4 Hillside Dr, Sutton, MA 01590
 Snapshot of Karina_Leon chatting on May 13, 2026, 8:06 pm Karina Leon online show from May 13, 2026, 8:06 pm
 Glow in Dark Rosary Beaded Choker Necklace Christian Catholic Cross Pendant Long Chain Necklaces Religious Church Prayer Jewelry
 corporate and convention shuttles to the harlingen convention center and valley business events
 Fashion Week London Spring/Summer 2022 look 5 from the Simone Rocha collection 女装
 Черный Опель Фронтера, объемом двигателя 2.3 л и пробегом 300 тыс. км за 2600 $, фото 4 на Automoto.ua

◇ ◇ ◇

§ **What the task requires**
Having found the line with "Fashion Week London" in the listing above, transcribe it and every line after it to the end, exactly, with no additions.

§ **Your response**
 Fashion Week London Spring/Summer 2022 look 5 from the Simone Rocha collection 女装
 Черный Опель Фронтера, объемом двигателя 2.3 л и пробегом 300 тыс. км за 2600 $, фото 4 на Automoto.ua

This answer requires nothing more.